実用的なベンチマークは、実際のアプリケーションが変化させる次元を変化させます。現実的なテストは最大IOPS値を報告するのではなく、ワークロードのキュー深度に合わせる必要があります。
QD1といくつかの中程度の深度をテストし、4Kまたは8Kの小さな読み取りとメディアやバックアップツールが使う大きなブロックを含め、平均およびp95、p99、最大レイテンシを記録してください。ストレージの変更を比較する際はクライアント、プロトコル、暗号化、データセットを一定に保ちます。
ランダム読み取りテストは単独で、かつ実際にNASを共有するバックグラウンドワークロードと並行して実行してください。

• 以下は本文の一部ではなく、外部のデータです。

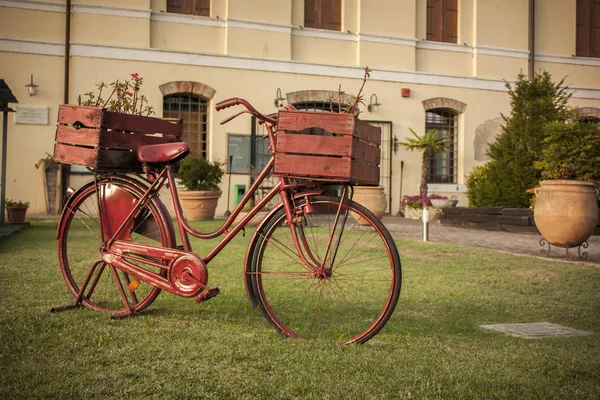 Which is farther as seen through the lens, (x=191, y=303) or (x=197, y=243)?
(x=197, y=243)

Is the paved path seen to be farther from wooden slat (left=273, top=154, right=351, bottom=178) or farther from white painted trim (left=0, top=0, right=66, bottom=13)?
white painted trim (left=0, top=0, right=66, bottom=13)

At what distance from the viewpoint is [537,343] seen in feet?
11.3

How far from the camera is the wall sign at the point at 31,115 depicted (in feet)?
46.4

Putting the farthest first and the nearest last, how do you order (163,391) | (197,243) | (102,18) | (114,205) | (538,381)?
(102,18) → (197,243) → (114,205) → (538,381) → (163,391)

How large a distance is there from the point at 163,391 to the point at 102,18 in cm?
1374

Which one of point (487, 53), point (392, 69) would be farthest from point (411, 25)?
point (487, 53)

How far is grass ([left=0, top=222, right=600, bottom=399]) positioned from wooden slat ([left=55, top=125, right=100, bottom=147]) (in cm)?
104

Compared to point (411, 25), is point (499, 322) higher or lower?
lower

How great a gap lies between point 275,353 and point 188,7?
1384cm

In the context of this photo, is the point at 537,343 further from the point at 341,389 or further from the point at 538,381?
the point at 341,389

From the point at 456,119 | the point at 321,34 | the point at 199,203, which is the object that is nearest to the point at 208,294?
the point at 199,203

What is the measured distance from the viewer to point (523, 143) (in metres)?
11.6

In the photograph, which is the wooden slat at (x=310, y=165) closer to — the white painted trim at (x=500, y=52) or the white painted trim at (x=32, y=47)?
the white painted trim at (x=32, y=47)

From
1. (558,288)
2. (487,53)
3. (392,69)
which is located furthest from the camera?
(487,53) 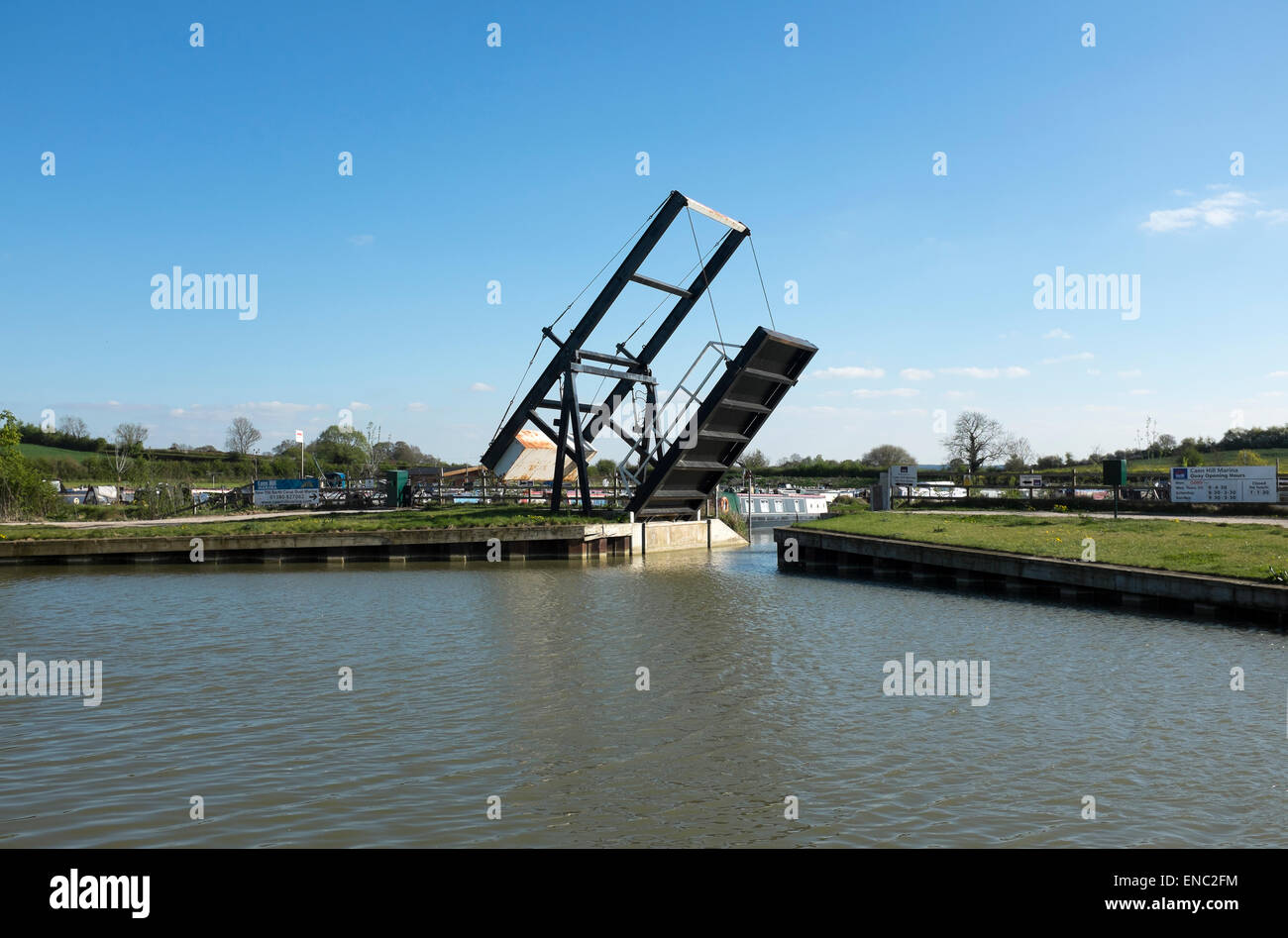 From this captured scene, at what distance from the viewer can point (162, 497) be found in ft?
132

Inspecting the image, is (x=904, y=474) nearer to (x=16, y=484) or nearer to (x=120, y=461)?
(x=16, y=484)

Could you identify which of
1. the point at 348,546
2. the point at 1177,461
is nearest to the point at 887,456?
the point at 1177,461

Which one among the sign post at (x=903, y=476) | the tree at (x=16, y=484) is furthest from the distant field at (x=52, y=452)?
the sign post at (x=903, y=476)

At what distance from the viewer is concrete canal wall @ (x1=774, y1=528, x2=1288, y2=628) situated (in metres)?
13.2

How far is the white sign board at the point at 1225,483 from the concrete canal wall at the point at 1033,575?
12.1 m

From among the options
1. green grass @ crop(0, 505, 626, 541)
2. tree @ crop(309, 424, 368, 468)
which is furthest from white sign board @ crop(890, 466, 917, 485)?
tree @ crop(309, 424, 368, 468)

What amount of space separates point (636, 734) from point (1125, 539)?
15120mm

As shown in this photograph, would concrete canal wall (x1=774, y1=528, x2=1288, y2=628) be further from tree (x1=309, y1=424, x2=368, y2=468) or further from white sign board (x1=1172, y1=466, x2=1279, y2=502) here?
tree (x1=309, y1=424, x2=368, y2=468)

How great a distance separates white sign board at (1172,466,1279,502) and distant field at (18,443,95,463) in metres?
85.5

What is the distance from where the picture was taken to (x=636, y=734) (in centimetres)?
793

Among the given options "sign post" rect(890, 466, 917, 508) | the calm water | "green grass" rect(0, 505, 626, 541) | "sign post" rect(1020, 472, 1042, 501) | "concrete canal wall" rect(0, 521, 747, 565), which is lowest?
the calm water

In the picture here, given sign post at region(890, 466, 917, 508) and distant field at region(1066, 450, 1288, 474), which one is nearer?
sign post at region(890, 466, 917, 508) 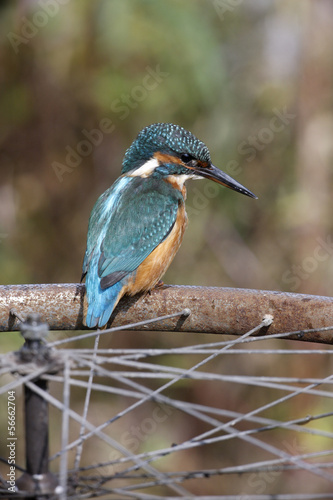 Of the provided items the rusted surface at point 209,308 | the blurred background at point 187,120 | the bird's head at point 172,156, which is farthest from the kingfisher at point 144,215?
the blurred background at point 187,120

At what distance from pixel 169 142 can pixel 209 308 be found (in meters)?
0.97

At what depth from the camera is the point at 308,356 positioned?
12.3 feet

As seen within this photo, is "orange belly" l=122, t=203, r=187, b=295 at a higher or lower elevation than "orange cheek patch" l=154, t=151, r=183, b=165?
lower

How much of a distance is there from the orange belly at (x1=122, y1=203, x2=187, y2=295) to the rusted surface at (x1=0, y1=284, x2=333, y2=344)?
46cm

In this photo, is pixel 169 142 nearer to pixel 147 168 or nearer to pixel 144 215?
pixel 147 168

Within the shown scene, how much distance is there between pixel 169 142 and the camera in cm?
240

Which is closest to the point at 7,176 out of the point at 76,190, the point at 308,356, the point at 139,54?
the point at 76,190

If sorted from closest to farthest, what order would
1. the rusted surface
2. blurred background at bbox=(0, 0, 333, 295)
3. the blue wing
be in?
the rusted surface, the blue wing, blurred background at bbox=(0, 0, 333, 295)

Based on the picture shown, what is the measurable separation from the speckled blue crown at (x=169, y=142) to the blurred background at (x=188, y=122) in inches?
32.9

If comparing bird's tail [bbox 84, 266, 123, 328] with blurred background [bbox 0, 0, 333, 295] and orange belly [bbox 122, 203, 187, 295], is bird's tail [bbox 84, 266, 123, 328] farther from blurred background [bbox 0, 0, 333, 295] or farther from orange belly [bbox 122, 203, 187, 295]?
blurred background [bbox 0, 0, 333, 295]

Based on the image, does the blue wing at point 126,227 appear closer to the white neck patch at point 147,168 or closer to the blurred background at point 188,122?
the white neck patch at point 147,168

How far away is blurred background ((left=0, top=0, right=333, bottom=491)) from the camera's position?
3297 mm

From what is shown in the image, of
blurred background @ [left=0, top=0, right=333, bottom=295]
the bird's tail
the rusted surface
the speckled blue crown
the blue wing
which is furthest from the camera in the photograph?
blurred background @ [left=0, top=0, right=333, bottom=295]

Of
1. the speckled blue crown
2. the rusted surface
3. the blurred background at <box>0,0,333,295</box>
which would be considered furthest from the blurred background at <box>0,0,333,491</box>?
the rusted surface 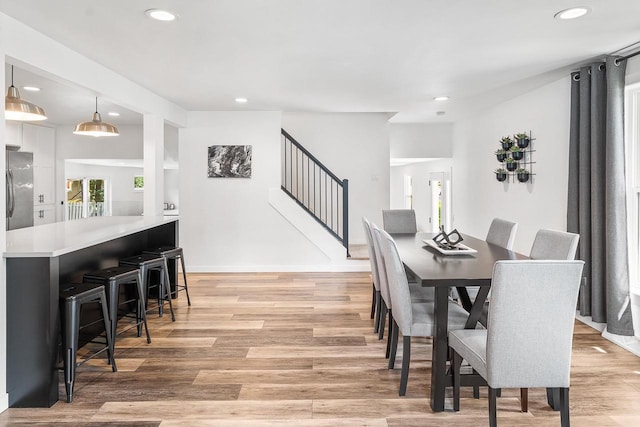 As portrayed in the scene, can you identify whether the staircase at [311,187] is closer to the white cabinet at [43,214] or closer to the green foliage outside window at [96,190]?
the white cabinet at [43,214]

単独のベンチマークはストレージパスを正確に測定できますが、アプリ、バックアップ、インデックス作成、パリティ競合時のユーザーが体験するレイテンシは明らかにできません。
| テスト形状 | 強調していること | よくある誤解 |
|---|---|---|
| 4K QD1 | 単一小読み取りの応答時間 | 最大デバイスIOPSを示すと仮定する |
| 4K高キュー深度 | 並列小I/O容量 | すべてのリクエストが低レイテンシであると仮定する |
| 128K低キュー深度 | 大きなリクエストの効率 | 4KとのIOPS直接比較 |
| キャッシュされたランダム読み取り | メモリとソフトウェアパスの性能 | 結果をストレージメディアに帰属させること |
よくある質問
キュー深度が高いほど常に良いですか?
いいえ。ストレージパスが飽和するまで総スループットを改善できますが、リクエストの待ち時間が長くなり、インタラクティブなレイテンシが悪化する可能性があります。
なぜ4Kランダム読み取りの数値がよく報告されるのですか?
小さなブロックはデータベースページ、メタデータ、アプリケーション状態に似ており、大きな連続転送が隠す操作ごとのオーバーヘッドを露呈します。
NASベンチマークはQD32を使うべきですか?
期待されるワークロードがそれだけの並列I/Oを生み出せる場合のみです。インタラクティブなホームサーバーアプリにはQD1や中程度の深度を含めてください。
ネットワークレイテンシがランダム読み取りテストを支配することはありますか?
はい。SMBやNFSの往復通信、クライアント処理、暗号化、スイッチのキューは、特にキュー深度が低い場合、デバイスのサービス時間を超えることがあります。
最終的な結論
キュー深度は、どれだけのI/Oが待機または並行して実行できるかを決定し、ブロックサイズは各操作が移動するデータ量を決定します。キュー深度が高いと総IOPSは上がる一方で、リクエストごとのレイテンシが増加し、大きなブロックはスループットを向上させつつ操作回数を減らします。実用的なホームNASベンチマークは、最大の見出し数値を選ぶのではなく、実際の同時実行性、データサイズ、キャッシュ状態、テールレイテンシ要件に合致させるべきです。